Catholic Homeschooled Children: Hardest Heads in the World
The world has been slowly on a trajectory towards a sense of disenchantment since Descartes’ fateful utterance of his Cogito Ergo Sum, ushering in an age of intellectual insecurity which renders thinkers incapable (or unwilling) to deal with any reality which does not appear to be measurable with such mathematical certainty as can be found in a geometrical proposition. From its lowly beginnings with Cartesian individual skepticism to full-blown political and social philosophies organized and formulated based on the premise that nothing is to be accepted if not “scientifically” proven (itself a misnomer), man has rapidly progressed towards an absurd and untenable worldview which ultimately aims at leaving him as nothing more than an organic robot. The underlying premise of this is that if we could only get rid of the human element in the world (be it free from selfishness and greed through socialism/communism, or human poisoning the world with wanton chemicals through climate activism, or even from humans themselves in arguments for abortion and overpopulation theory), we would be able to establish and maintain sort of Utopia here on earth and live happily ever after. No one encapsulated the foundational flaw this argument better than Dr. Rose Lemmons when she wrote in her essay Modes of Re-enchantment that “Original sin beaches all Utopian ships”. For those of us called to live as the Catholic Laity within the family life, this results in the frequent disconnect between our knowledge of how life is supposed to be vs. how it actually is.
I have a clear example in my mind. I was acquaintances at one time with a young man whom I usually refer to as “hen-pecked”. He was from a very traditional Catholic homeschooled family, was older brother to two sisters, had a very head-strong mother, and a rather hands-off approach father. It was clear from context and interactions with this family that priority was given to the younger sisters, and this young man was generally left to find out how to become a man all by himself. At every event the sisters were featured in, the parents were there to support them. This young man never had any parental visits, and was as a result very emotionally unstable (in spite of full knowledge of good Christian Masculine virtues). The particular example I have in mind was upon one occasion when he was loosely involved in the same event his sisters were, and so by technicality his parents were in a sense present also supporting him.
It was the night before the event, and I was tasked with moving about 100 chairs from one place to another.
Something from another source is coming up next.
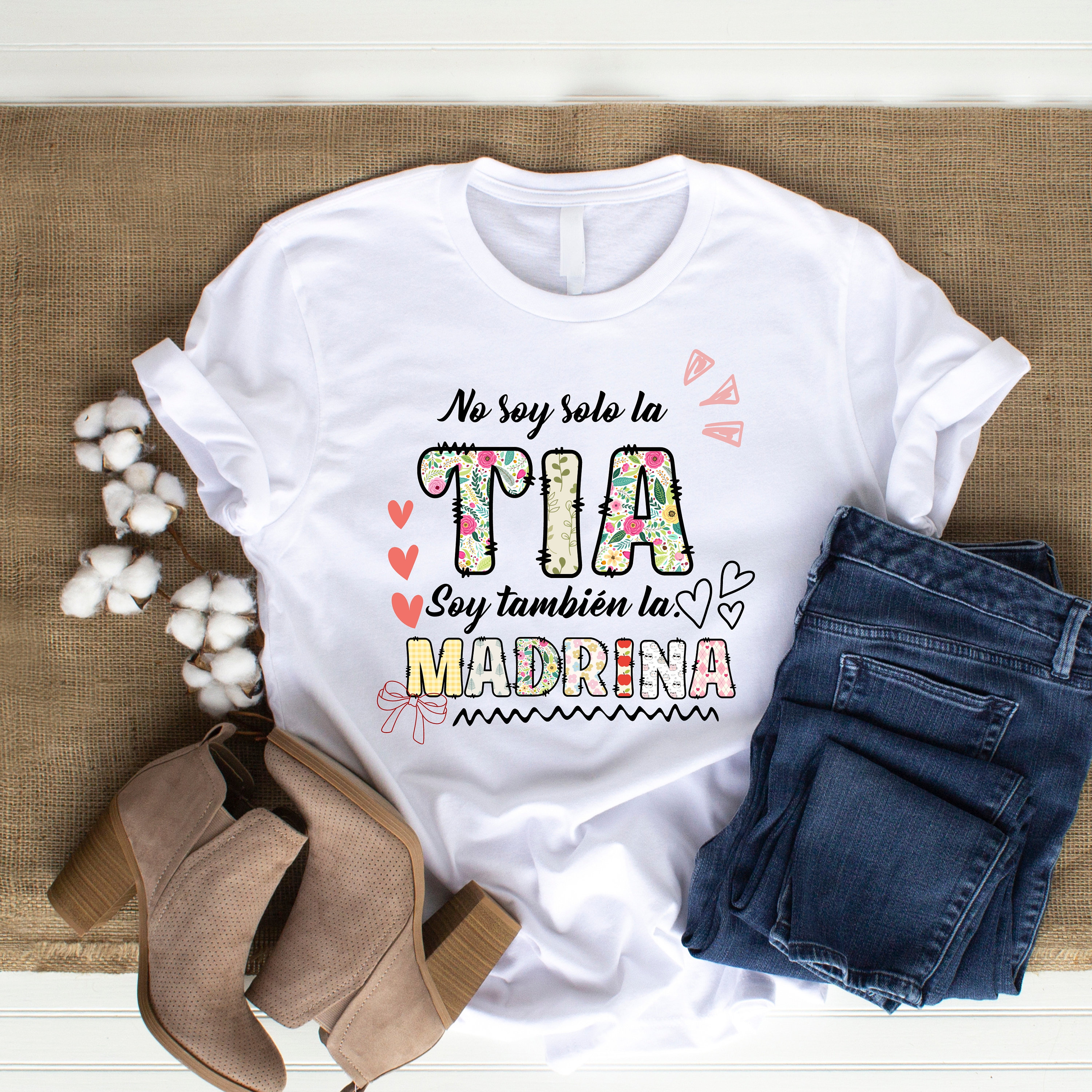 No Soy Solo La Tia Soy Tambien La Madrina Floral T-Shirt No Soy Solo La Tia Soy Tambien La Madrina Floral T-Shirt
About halfway through my duties, this young man pulled his father into the back hallway through which I had to travel to talk to his father. As the conversation went on, the young man tried to open up to his father and discuss some sensitive matters with him, and became increasingly emotional and exasperated at his father’s apparent naïveté, apparently unaware of what sort of conversation was actually happening right in front of him. At a certain point, the father instructed his son to stop mid sentence, clearly distraught, to reach out to me as I passed by to ask if I needed any help moving chairs. To the father’s eyes, he was exhibiting Christian charity as a good Christian man, offering the help of himself and his son. But in spite of all his knowledge of technical Catholic teaching and a life presumably lived at focusing on God, this father could not see that his own Utopia which he assumed his family embodied was falling apart. He, like so many today, assumed that knowledge of an issue renders one free to live as if that issue does not matter.
In this it is worthwhile to contemplate the coming of the Holy Spirit, whose task it is to remind man of good and evil and to return them to a state of being able to call sin by its proper name. Simply being able to name something and recognize what it is does not free us from the responsibility and necessity to live according to the truth. The temptation is always to see the world as being totally under the domain of human reason, that if we understand the fact that we are fallen humans and therefore not perfect, we can somehow still be perfect: understanding and knowledge in this equates with the highest power of humans. Without a true understanding of human weakness, a recognition of the all-pervasiveness that the effects of Original Sin has upon the human condition, and living as though these truths matter, man fools himself into thinking that he can build himself a utopia here on earth by his own power. Too often the constructor of this utopia is the last one to realize and acknowledge the failed state - and then it is too late.